On a non-NVIDIA page, I found some kind of a compatibility matrix which told me that the 340.xx driver should match with CUDA 6.5. So, as a final attempt, I downloaded an older version (6.5) of the CUDA Toolkit from the appropriate page. I uninstalled all previously installed cuda stuff using aptitude, up to the point where I could issue sudo aptitude install nvidia-340 without being greeted by a lot of conflicts. Next, I installed CUDA 6.5 using sudo aptitude install cuda-samples-6-5 which happily installed some tooling as well. Copying the samples to my home directory using /usr/local/cuda-6.5/bin/cuda-install-samples-6.5.sh .. According to the 6.5 documentation, I would need either 4.6 or 4.8. On Ubuntu 16.04, it is still possible to install GCC 4.8 with sudo aptitude install gcc-4.8 g++-4.8. When they are installed, we need to tell make to use it: GCC=g++-4.8 make. Another long wait before all samples are compiled. Then running the deviceQuery sample yields:

./bin/x86_64/linux/release/deviceQuery Starting...

 CUDA Device Query (Runtime API) version (CUDART static linking)

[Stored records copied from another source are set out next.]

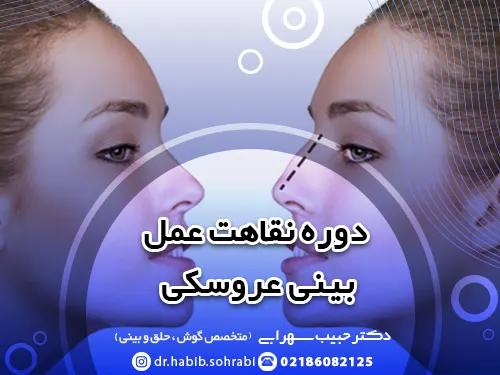 دوره نقاهت عمل بینی عروسکی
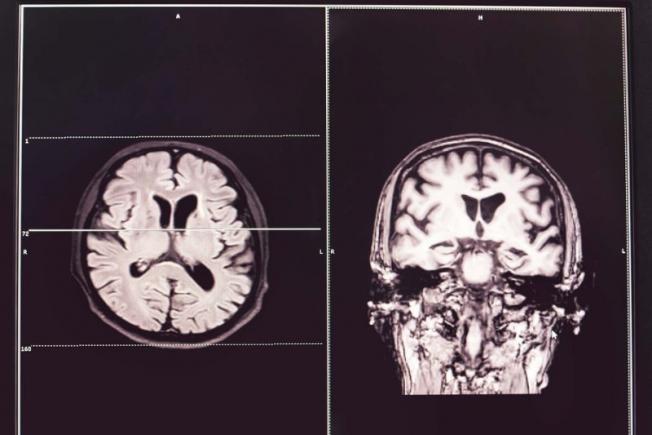 A fost descoperit un nou tip de demenţă, care mimează maladia Alzheimer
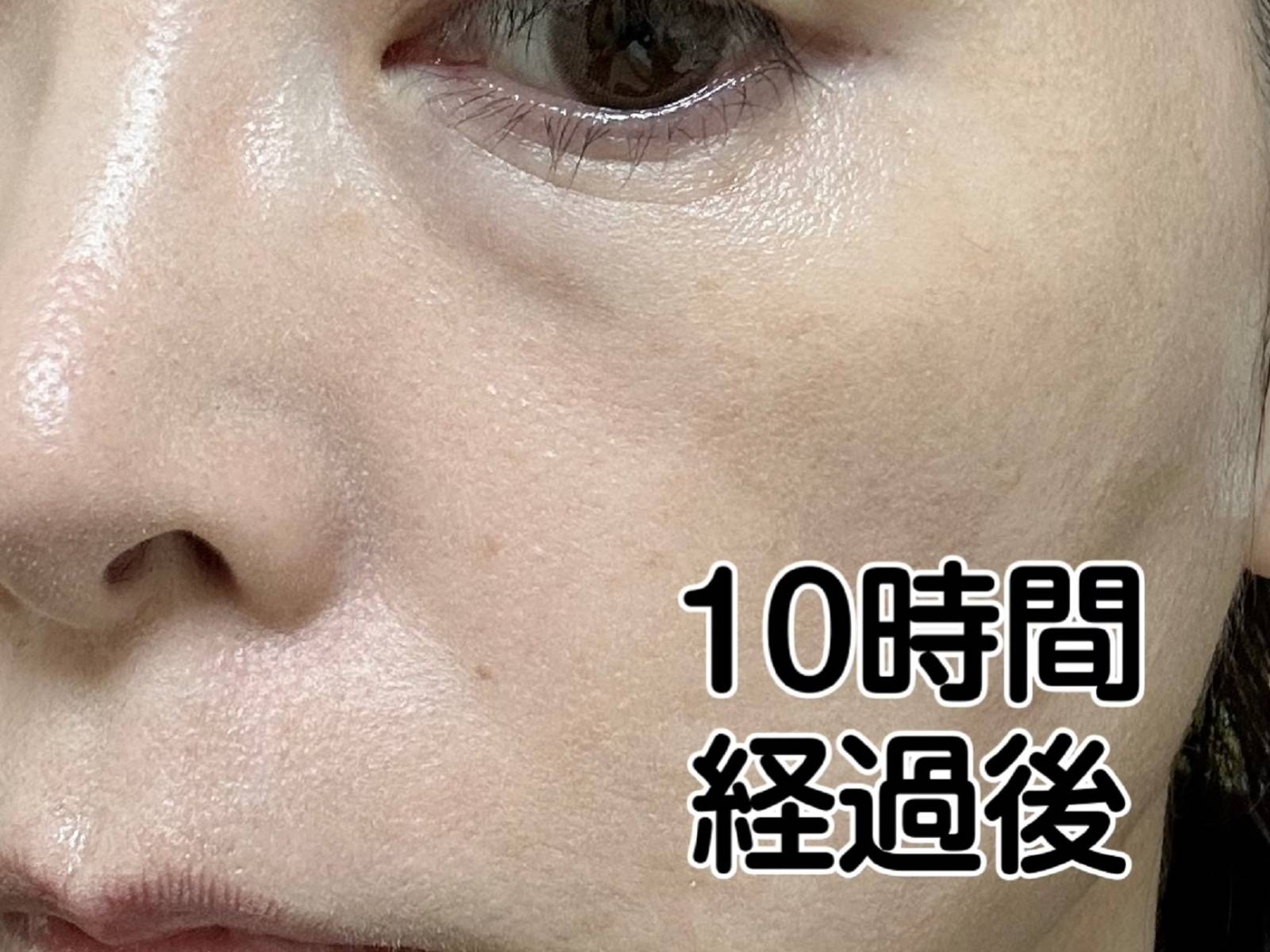 メイクキープパウダー塗布後１０時間の顔の画像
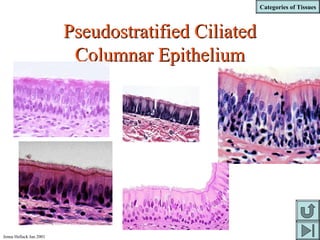 Categories of Tissues
Jenna Hellack Jan 2001
Pseudostratified CiliatedPseudostratified Ciliated
Columnar EpitheliumColumnar Epithelium
 
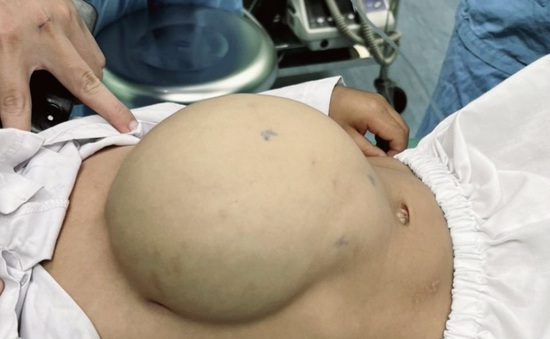 Phẫu thuật thoát vị thành bụng lớn kèm dị tật ruột xoay dở dang cho bé trai người Lào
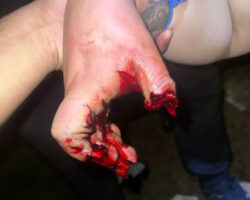 Female soccer fan loses multiple fingers after mishandling pyrotechnics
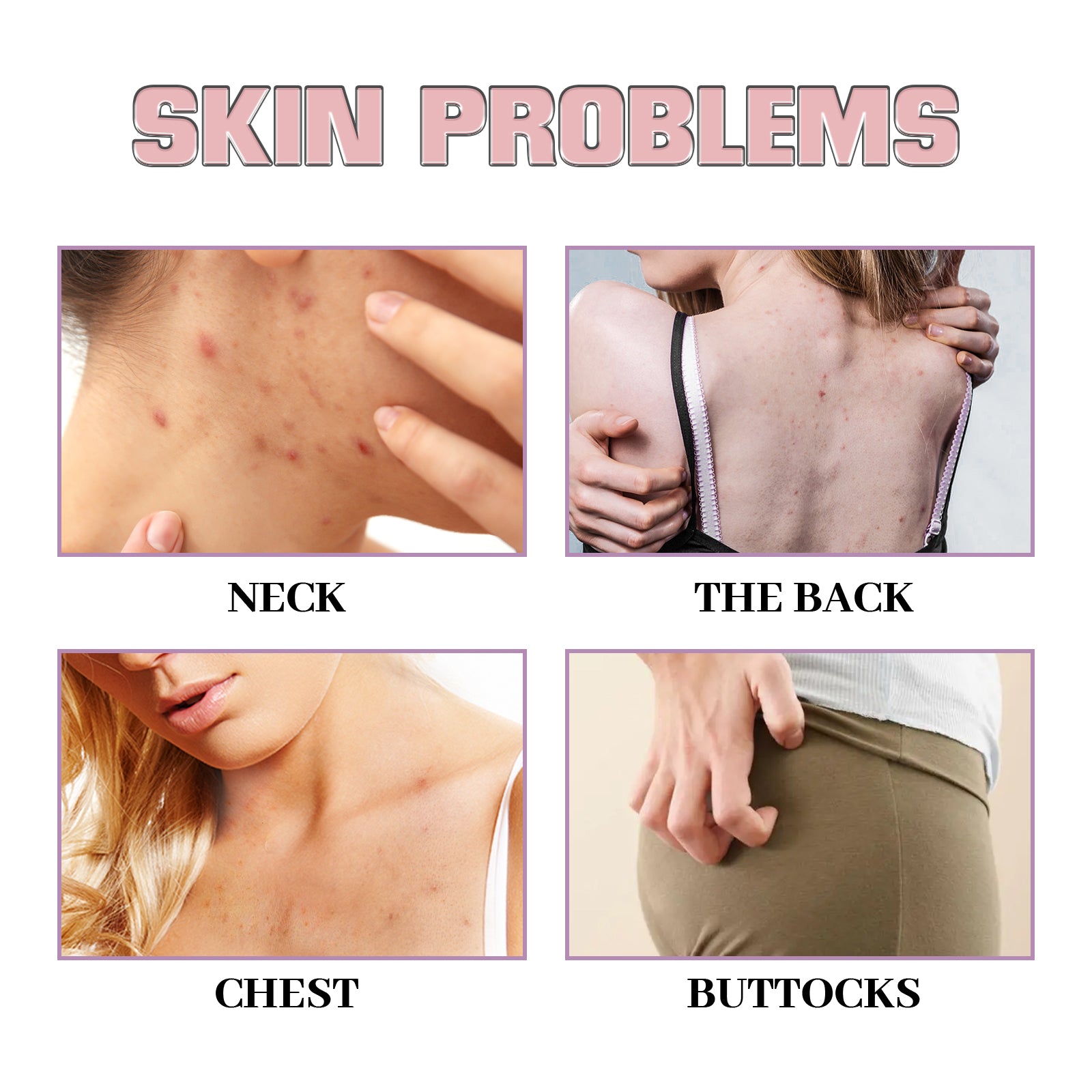 Acne Acne Ball, And Cleansing Skin Chest Back Acne Closing Skin Care - Korvel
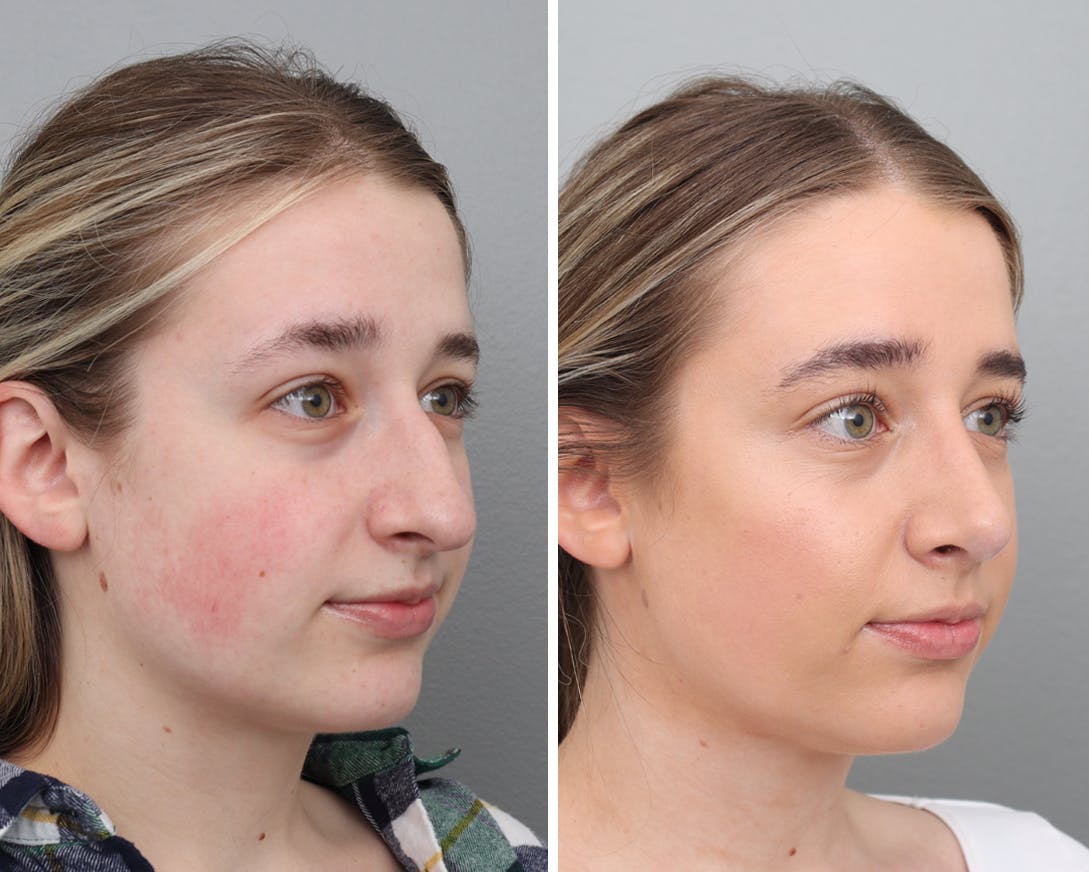 Rhinoplasty Before & After Gallery - Patient 120327318 - Image 1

Detected 1 CUDA Capable device(s)

Device 0: "GeForce 210"
  CUDA Driver Version / Runtime Version          6.5 / 6.5
  CUDA Capability Major/Minor version number:    1.2
  Total amount of global memory:                 511 MBytes (536150016 bytes)
  ( 2) Multiprocessors, (  8) CUDA Cores/MP:     16 CUDA Cores
  GPU Clock rate:                                1402 MHz (1.40 GHz)
  Memory Clock rate:                             400 Mhz
  Memory Bus Width:                              64-bit
  Maximum Texture Dimension Size (x,y,z)         1D=(8192), 2D=(65536, 32768), 3D=(2048, 2048, 2048)
  Maximum Layered 1D Texture Size, (num) layers  1D=(8192), 512 layers
  Maximum Layered 2D Texture Size, (num) layers  2D=(8192, 8192), 512 layers
  Total amount of constant memory:               65536 bytes
  Total amount of shared memory per block:       16384 bytes
  Total number of registers available per block: 16384
  Warp size:                                     32
  Maximum number of threads per multiprocessor:  1024
  Maximum number of threads per block:           512
  Max dimension size of a thread block (x,y,z): (512, 512, 64)
  Max dimension size of a grid size    (x,y,z): (65535, 65535, 1)
  Maximum memory pitch:                          2147483647 bytes
  Texture alignment:                             256 bytes
  Concurrent copy and kernel execution:          Yes with 1 copy engine(s)
  Run time limit on kernels:                     Yes
  Integrated GPU sharing Host Memory:            No
  Support host page-locked memory mapping:       Yes
  Alignment requirement for Surfaces:            Yes
  Device has ECC support:                        Disabled
  Device supports Unified Addressing (UVA):      No
  Device PCI Bus ID / PCI location ID:           2 / 0
  Compute Mode:
     < Default (multiple host threads can use ::cudaSetDevice() with device simultaneously) >

deviceQuery, CUDA Driver = CUDART, CUDA Driver Version = 6.5, CUDA Runtime Version = 6.5, NumDevs = 1, Device0 = GeForce 210
Result = PASS

Hurray! It finally works! I don’t even seem to need the script to fix device files anymore.

Conclusions

Time for a wrap-up. What did I learn? Two major things:

  1. Read the docs! A lot of mistakes and experiments could have been skipped by first reading the installation guide and other docs.
  2. Check support! Make sure to use the versions of the CUDA Toolkit that match with the NVIDIA driver and the graphics card that you have.

TL;DR

If you have a somewhat older card, first check the legacy NVIDIA driver listing to see which version is the latest to support your graphics card. Check the Rogue Wave Total View documentation for an unofficial compatibility matrix to find out which version of the CUDA Toolkit your driver will support. Follow the installation instructions for that version of the CUDA Toolkit.